Finding somebody to design your website is a little like finding somebody to fix your car. Get referrals. Search local business directories. Do an online search. Go to websites of other natural products retailers you like in order to see who designed them—the information is usually at the very bottom of the home page. If you’re really on the cheap, Hilton suggests putting a notice on your store’s bulletin board. Maybe you could even trade out website-design services for store credits.
Many website-design firms offer a full spectrum of services, so shop around for what you want. O’Hara says Living Naturally’s services include industry-specific health content and functions. Karen Gavender says McFadden/Gavender provides marketing, strategic planning and analytics as part of its package. The firm monitors the site to learn who’s visiting, what pages they’re landing on and how long they’re on the site. "We manipulate the site and make changes as we monitor it," she says.
As with most things, you can spend a little on your website or you can spend a lot, depending on what you want.
"A lot of people shy away from getting websites because they think they’re expensive. They’re not," Hilton says. "You can get a pretty good site for about $5,000 total." McFadden/Gavender says because it provides custom services for every client, it can’t estimate costs, but O’Hara at Living Naturally says her company charges setup fees starting at $250, plus $138 to $420 a month depending on which features the client wants.
Master your own website domain
You’re ready to take the plunge and get a website.

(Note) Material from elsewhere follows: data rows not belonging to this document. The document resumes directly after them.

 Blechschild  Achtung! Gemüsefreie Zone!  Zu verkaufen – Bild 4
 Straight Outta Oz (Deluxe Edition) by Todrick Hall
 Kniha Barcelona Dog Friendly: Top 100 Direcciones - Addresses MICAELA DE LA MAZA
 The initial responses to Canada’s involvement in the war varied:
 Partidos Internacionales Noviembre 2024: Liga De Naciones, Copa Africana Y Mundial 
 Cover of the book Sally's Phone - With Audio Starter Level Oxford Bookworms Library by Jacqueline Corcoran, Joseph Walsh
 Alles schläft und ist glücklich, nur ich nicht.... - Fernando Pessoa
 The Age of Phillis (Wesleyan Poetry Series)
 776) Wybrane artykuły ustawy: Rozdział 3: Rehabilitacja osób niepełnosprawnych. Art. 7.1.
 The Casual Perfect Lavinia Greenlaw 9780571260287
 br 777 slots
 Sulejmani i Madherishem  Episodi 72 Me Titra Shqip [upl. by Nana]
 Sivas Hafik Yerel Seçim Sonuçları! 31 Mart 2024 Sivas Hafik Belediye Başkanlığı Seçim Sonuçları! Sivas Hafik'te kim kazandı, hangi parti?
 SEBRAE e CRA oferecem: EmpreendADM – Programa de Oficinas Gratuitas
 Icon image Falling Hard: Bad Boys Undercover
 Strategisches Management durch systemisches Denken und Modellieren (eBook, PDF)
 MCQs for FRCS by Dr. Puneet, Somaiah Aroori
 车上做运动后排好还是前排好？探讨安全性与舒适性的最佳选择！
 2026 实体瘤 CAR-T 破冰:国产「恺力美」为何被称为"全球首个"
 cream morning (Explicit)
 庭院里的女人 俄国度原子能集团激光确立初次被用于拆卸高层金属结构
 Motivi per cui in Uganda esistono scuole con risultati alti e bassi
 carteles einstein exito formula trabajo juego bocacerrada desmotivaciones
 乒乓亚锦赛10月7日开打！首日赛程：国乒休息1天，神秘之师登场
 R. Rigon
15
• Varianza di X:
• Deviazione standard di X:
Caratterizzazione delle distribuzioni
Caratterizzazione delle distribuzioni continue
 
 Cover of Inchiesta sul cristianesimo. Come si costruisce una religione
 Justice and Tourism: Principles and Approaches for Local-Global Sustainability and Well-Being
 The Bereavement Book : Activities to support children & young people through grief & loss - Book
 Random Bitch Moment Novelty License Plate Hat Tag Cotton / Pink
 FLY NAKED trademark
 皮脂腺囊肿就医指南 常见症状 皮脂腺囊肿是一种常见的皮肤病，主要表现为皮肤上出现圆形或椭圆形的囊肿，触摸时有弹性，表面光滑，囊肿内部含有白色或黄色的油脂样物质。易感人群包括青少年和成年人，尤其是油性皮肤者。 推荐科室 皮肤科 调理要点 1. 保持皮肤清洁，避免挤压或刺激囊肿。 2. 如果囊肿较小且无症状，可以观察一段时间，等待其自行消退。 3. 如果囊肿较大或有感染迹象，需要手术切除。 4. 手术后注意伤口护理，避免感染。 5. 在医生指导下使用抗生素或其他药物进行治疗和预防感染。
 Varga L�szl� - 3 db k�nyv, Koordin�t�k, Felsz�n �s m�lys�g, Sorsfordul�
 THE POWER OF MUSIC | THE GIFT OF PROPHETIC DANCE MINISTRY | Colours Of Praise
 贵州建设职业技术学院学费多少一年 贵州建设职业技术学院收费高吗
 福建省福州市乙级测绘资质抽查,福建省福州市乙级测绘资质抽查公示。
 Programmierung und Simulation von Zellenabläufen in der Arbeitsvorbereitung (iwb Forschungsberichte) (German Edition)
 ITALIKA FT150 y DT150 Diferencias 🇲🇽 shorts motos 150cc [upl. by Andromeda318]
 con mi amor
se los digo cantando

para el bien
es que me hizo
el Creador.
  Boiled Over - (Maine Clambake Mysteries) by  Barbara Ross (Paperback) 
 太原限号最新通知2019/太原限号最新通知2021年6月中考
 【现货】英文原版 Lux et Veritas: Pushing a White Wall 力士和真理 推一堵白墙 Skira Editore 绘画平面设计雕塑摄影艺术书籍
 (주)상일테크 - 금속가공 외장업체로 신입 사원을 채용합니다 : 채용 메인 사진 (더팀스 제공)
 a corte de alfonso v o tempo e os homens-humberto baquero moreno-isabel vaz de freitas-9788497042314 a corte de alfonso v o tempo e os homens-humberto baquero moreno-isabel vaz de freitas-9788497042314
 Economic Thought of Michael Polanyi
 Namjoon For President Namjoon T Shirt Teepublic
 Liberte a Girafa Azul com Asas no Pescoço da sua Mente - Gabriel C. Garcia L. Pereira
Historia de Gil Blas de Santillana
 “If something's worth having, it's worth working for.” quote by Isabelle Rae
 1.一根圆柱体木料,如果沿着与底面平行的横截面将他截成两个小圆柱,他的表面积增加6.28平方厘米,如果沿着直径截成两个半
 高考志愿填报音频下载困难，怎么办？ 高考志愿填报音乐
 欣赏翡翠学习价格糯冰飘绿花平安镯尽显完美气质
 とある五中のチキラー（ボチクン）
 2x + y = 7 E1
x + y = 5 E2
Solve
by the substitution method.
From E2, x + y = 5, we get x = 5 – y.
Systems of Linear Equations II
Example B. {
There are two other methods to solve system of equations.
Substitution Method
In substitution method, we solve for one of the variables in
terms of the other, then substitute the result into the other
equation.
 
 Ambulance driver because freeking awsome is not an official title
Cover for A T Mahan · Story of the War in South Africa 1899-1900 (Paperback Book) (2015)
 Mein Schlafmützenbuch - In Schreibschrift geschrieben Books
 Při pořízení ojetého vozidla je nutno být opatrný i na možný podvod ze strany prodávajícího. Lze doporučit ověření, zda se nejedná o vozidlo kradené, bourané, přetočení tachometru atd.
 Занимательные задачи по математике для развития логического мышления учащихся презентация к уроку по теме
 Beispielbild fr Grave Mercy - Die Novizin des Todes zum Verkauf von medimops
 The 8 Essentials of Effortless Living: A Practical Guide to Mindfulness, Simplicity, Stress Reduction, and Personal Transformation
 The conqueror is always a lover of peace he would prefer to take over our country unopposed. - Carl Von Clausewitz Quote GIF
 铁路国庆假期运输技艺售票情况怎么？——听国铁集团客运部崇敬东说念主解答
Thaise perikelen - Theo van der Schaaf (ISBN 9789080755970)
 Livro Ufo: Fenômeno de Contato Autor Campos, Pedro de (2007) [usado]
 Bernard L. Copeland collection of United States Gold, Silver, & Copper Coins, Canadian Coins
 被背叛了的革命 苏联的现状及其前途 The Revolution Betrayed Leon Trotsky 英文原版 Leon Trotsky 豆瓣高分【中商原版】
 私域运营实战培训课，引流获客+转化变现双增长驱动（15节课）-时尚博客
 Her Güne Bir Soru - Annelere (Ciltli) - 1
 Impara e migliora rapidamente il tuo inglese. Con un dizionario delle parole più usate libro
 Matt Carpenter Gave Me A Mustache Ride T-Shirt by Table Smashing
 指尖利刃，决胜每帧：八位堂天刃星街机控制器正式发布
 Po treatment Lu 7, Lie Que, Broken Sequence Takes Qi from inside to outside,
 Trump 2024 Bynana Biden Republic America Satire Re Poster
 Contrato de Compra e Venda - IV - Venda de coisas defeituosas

But how do you get that dot-com address?
Begin by registering what’s known as your domain name. That’s your http://www.mynaturalfoodstore.com. Website-design companies such asLiving Naturally and McFadden/Gavender Advertising will do the work for you as part of their services, but you can also do it yourself. Many people go to sites such as godaddy.com, register.com or networksolutions.com, which also provide website design and management. Experts generally consider godaddy.com the simplest and most consumer friendly of the bunch.
To register, go to the website and enter the name you want. If the name hasn’t already been taken, you can register it for about $100. You have to remember to renew it every year for about the same price. Some sites offer three-year renewals. If your name has already been taken, you’ll have to either opt for a less popular suffix than .com, like .net or .biz, or try another name. Your store name also might be owned by a "squatter" who registers names for the sole purpose of selling them to people at an inflated rate. You can negotiate a price or move on.
Co-ops also have the option of registering with a .coop domain. "This would allow them to select a name that fits their business and would help position it well, based on various search-engine criteria," says Carolyn Hoover, CEO of DotCooperation, which manages the .coop domain. The domain was secured in 2000 by the National Cooperative Business Association. Because it’s relatively new, "many valuable domain names are still available to registrants," Hoover says. For details, go to www.coop.